#### Given records

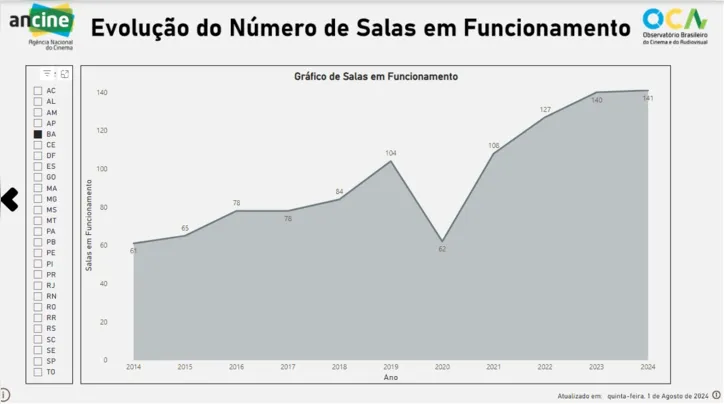 Gráfico foi divulgado pela Ancine e atualizado em 1º de agosto de 2024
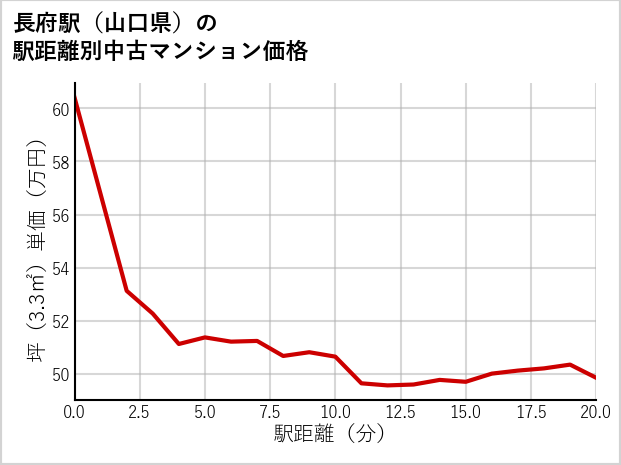 長府駅（山口県）の徒歩距離別の中古マンション坪単価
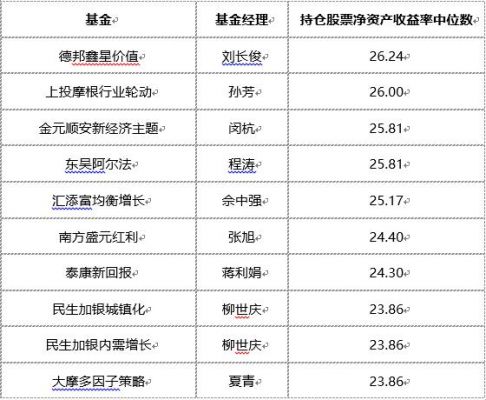 中国单价最高基金（最高价的基金）-图1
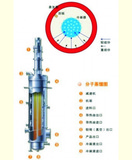 分子蒸馏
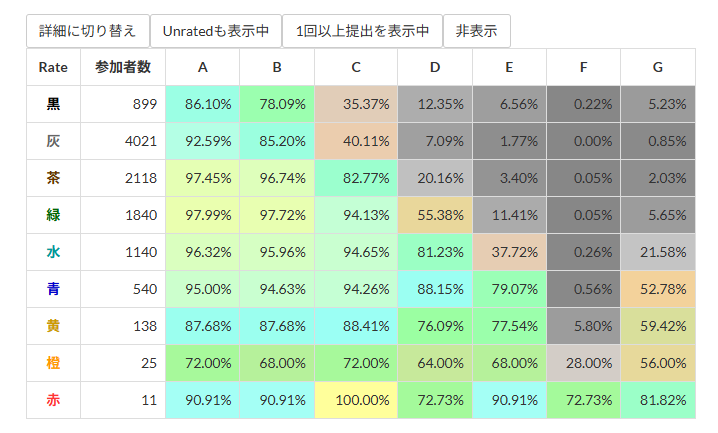 しょぼん tweet media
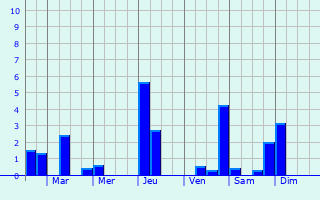 Graphique des précipitations prvues pour Bourg-et-Comin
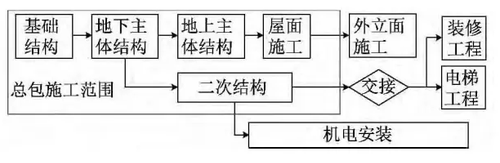 利用BIM技术进行二次结构深化设计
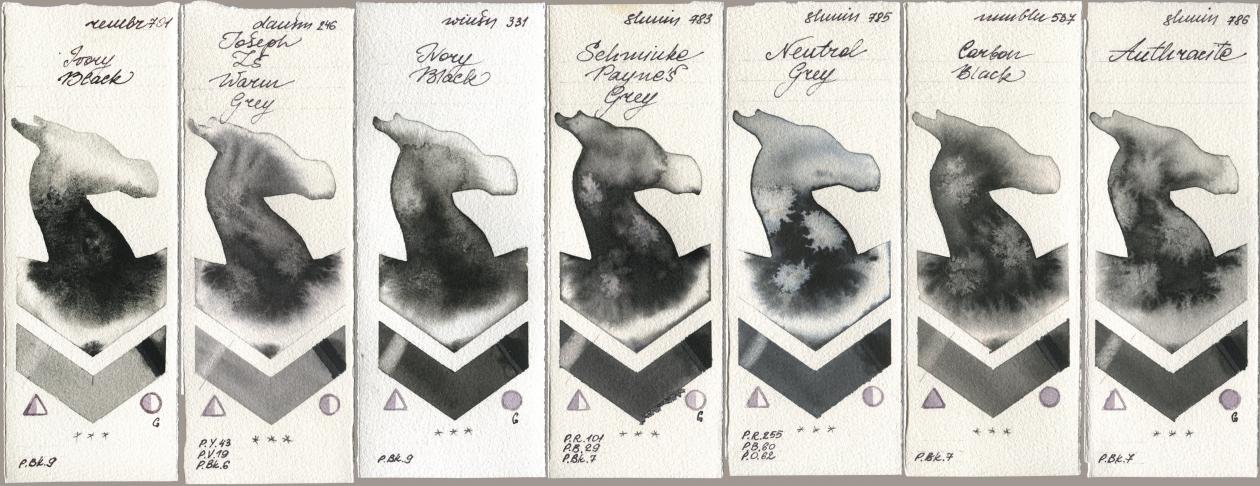 Royal Talens Rembrandt Watercolour 701 Ivory Black, Daniel Smith 246 Joseph Zs Warm Grey, Winsor & Newton Professional 331 Ivory Black, Shminke Horadam Aquarell 783 Schmincke Paynes Grey, 785 Neutral Grey, Maimeri Blu 537 Carbon Black, 786 Anthraci watercolor swatch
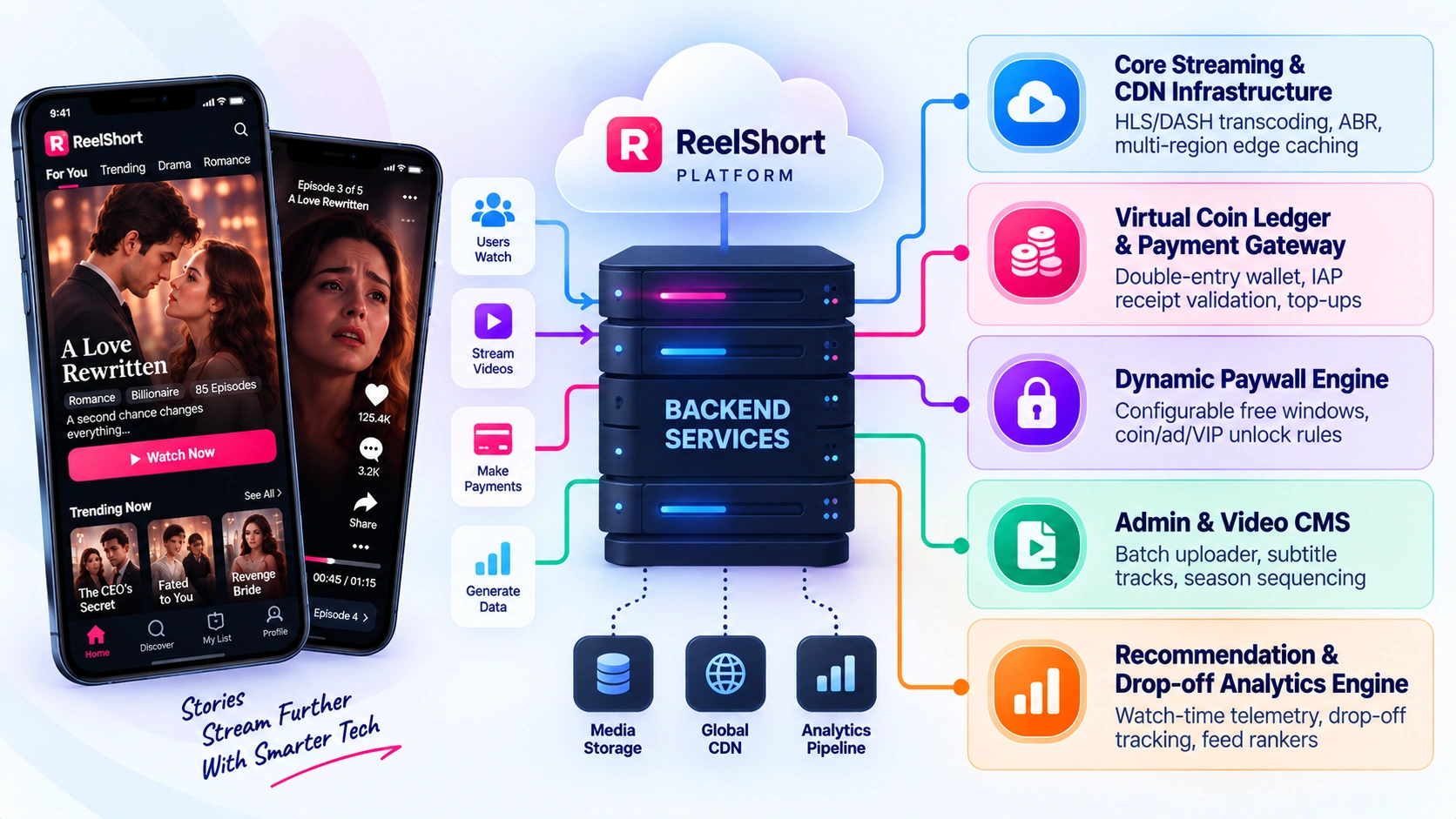 backend structure of short-form vertical drama app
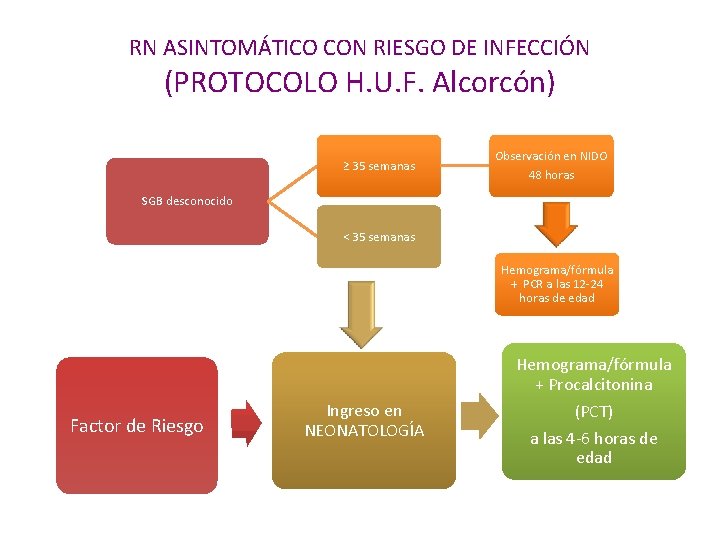 RN ASINTOMÁTICO CON RIESGO DE INFECCIÓN (PROTOCOLO H. U. F. Alcorcón) ≥ 35 semanas
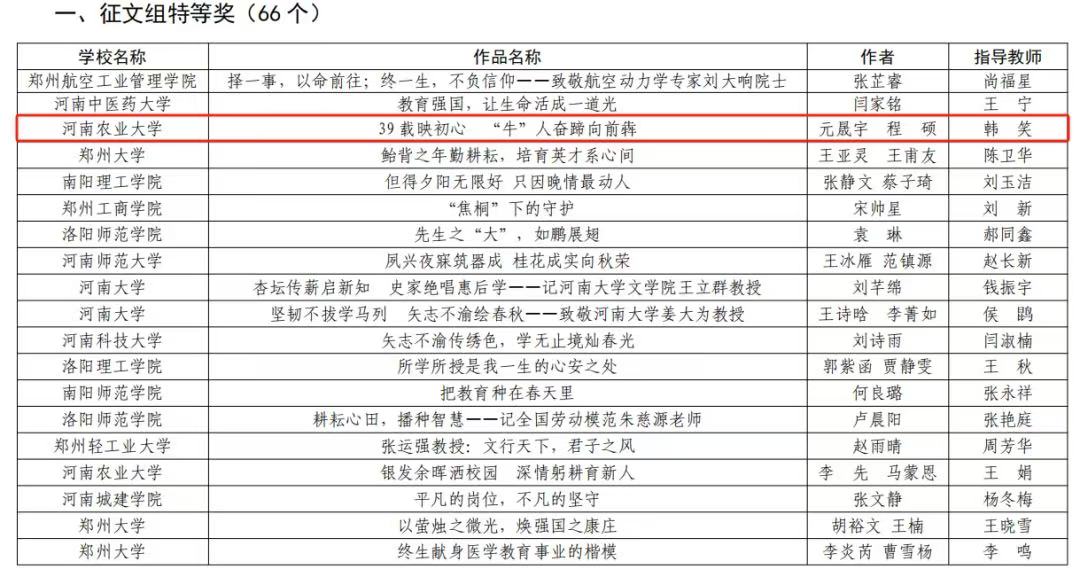 投注平台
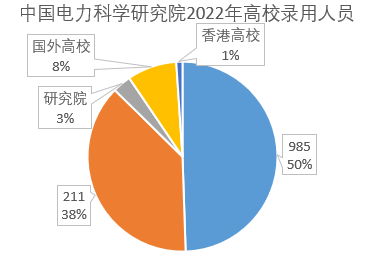 东北电力大学全国排名_东北的电力大学排名_东北电力大学电力排名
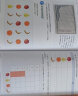 图解数学思维训练课 建立孩子的数学模型思维套装 硅谷工程师爸爸憨爸用新加坡数学画图法帮孩子求解应用题 实拍图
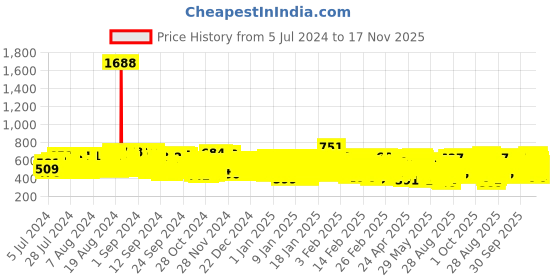 ajio.com kuchipoo Pack of 3 Printed Elasticated Waist Joggers kuchipoo Price History Graph from 5 Jul 2024 to 17 Nov 2025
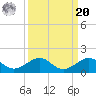 Fort Pierce, FL tide chart for Monday, September 20, 2021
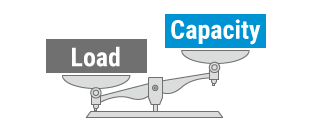 When load exceeds capacity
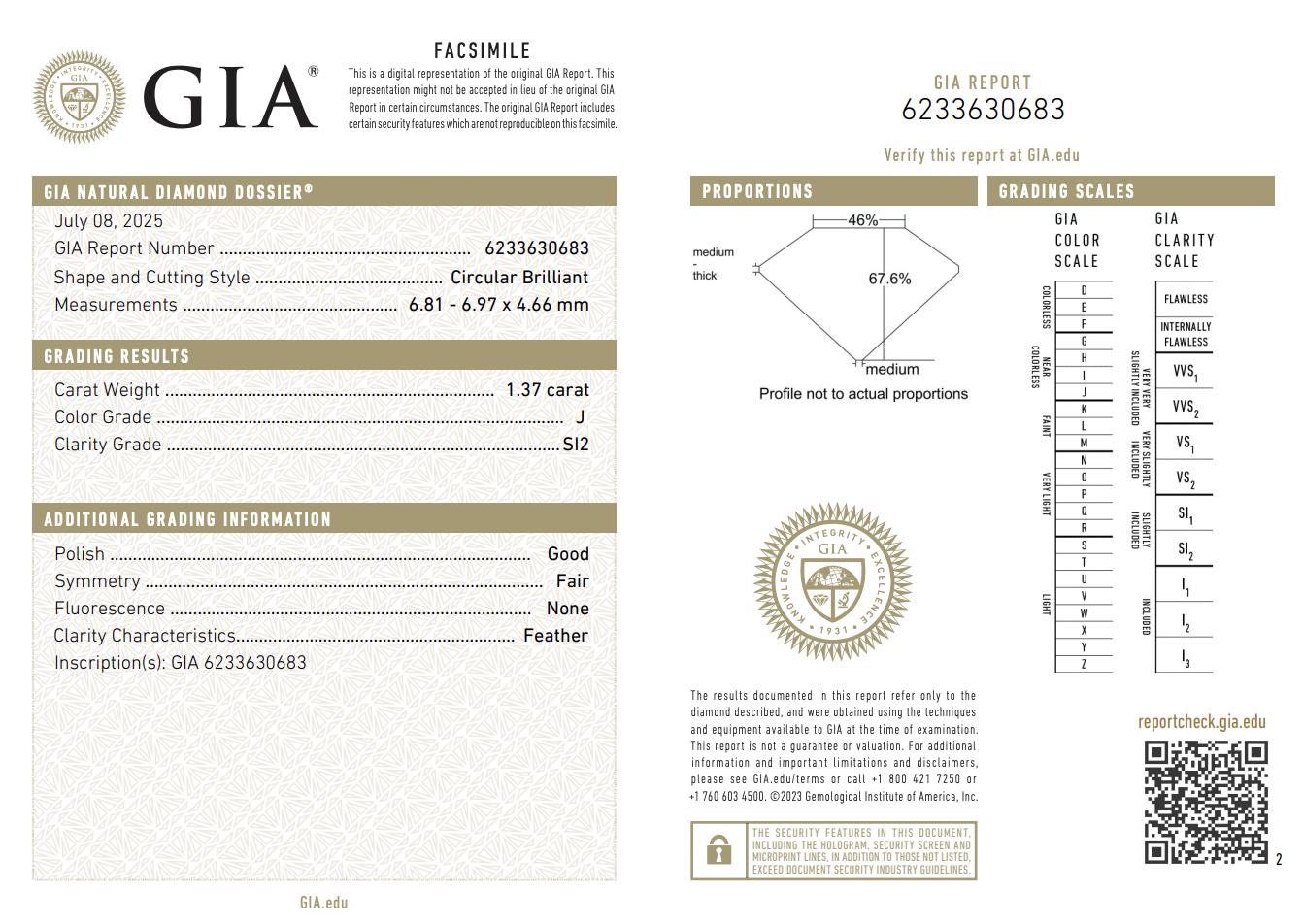 GIA Certificate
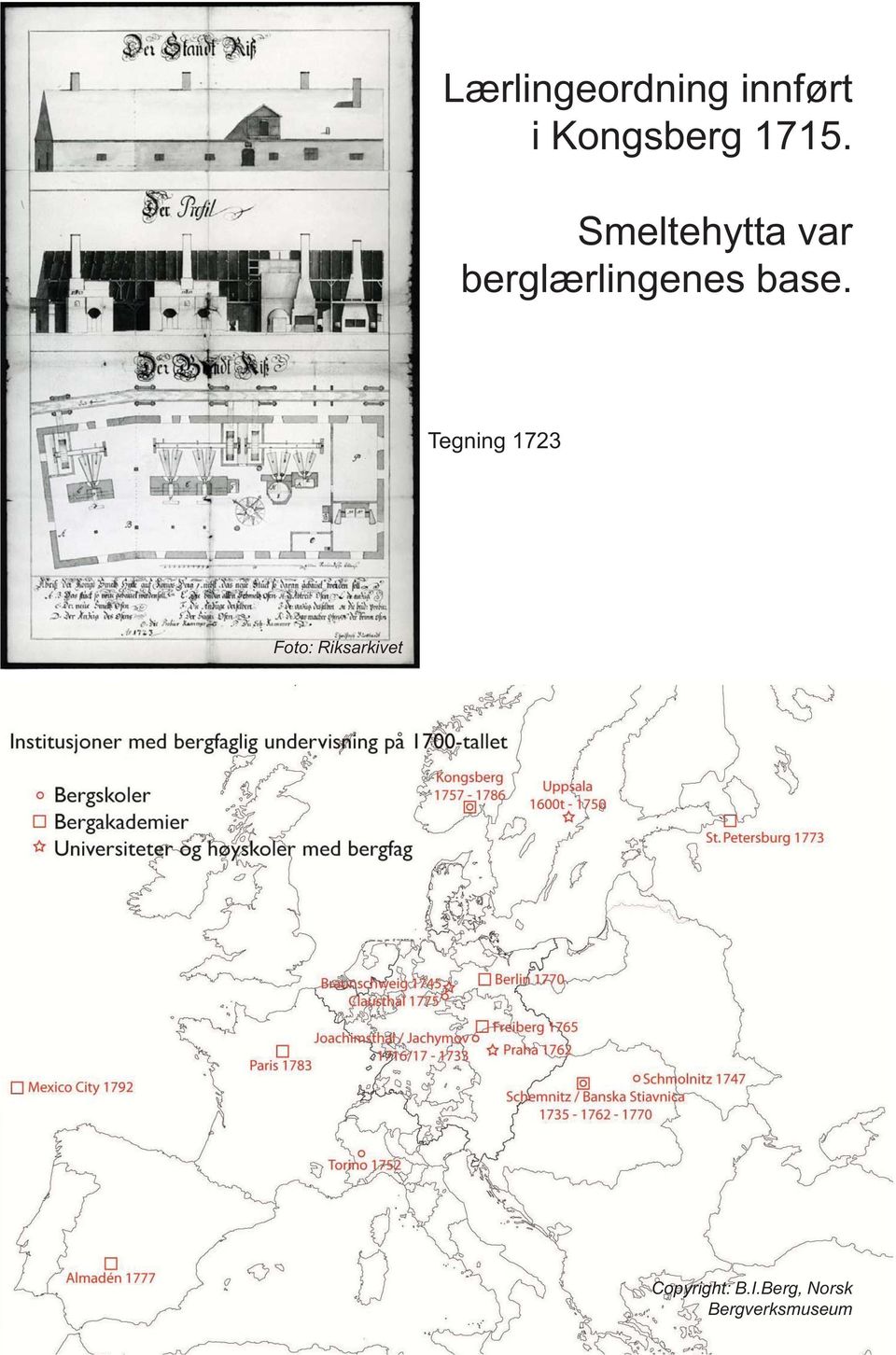 base. Tegning 1723 Foto: Riksarkivet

########

## Exercise directions
Would you please print out all the records above exactly, minus any pictures?

## Output for this exercise
 Gráfico foi divulgado pela Ancine e atualizado em 1º de agosto de 2024
 長府駅（山口県）の徒歩距離別の中古マンション坪単価
 中国单价最高基金（最高价的基金）-图1
 分子蒸馏
 しょぼん tweet media
 Graphique des précipitations prvues pour Bourg-et-Comin
 利用BIM技术进行二次结构深化设计
 Royal Talens Rembrandt Watercolour 701 Ivory Black, Daniel Smith 246 Joseph Zs Warm Grey, Winsor & Newton Professional 331 Ivory Black, Shminke Horadam Aquarell 783 Schmincke Paynes Grey, 785 Neutral Grey, Maimeri Blu 537 Carbon Black, 786 Anthraci watercolor swatch
 backend structure of short-form vertical drama app
 RN ASINTOMÁTICO CON RIESGO DE INFECCIÓN (PROTOCOLO H. U. F. Alcorcón) ≥ 35 semanas
 投注平台
 东北电力大学全国排名_东北的电力大学排名_东北电力大学电力排名
 图解数学思维训练课 建立孩子的数学模型思维套装 硅谷工程师爸爸憨爸用新加坡数学画图法帮孩子求解应用题 实拍图
 ajio.com kuchipoo Pack of 3 Printed Elasticated Waist Joggers kuchipoo Price History Graph from 5 Jul 2024 to 17 Nov 2025
 Fort Pierce, FL tide chart for Monday, September 20, 2021
 When load exceeds capacity
 GIA Certificate
 base. Tegning 1723 Foto: Riksarkivet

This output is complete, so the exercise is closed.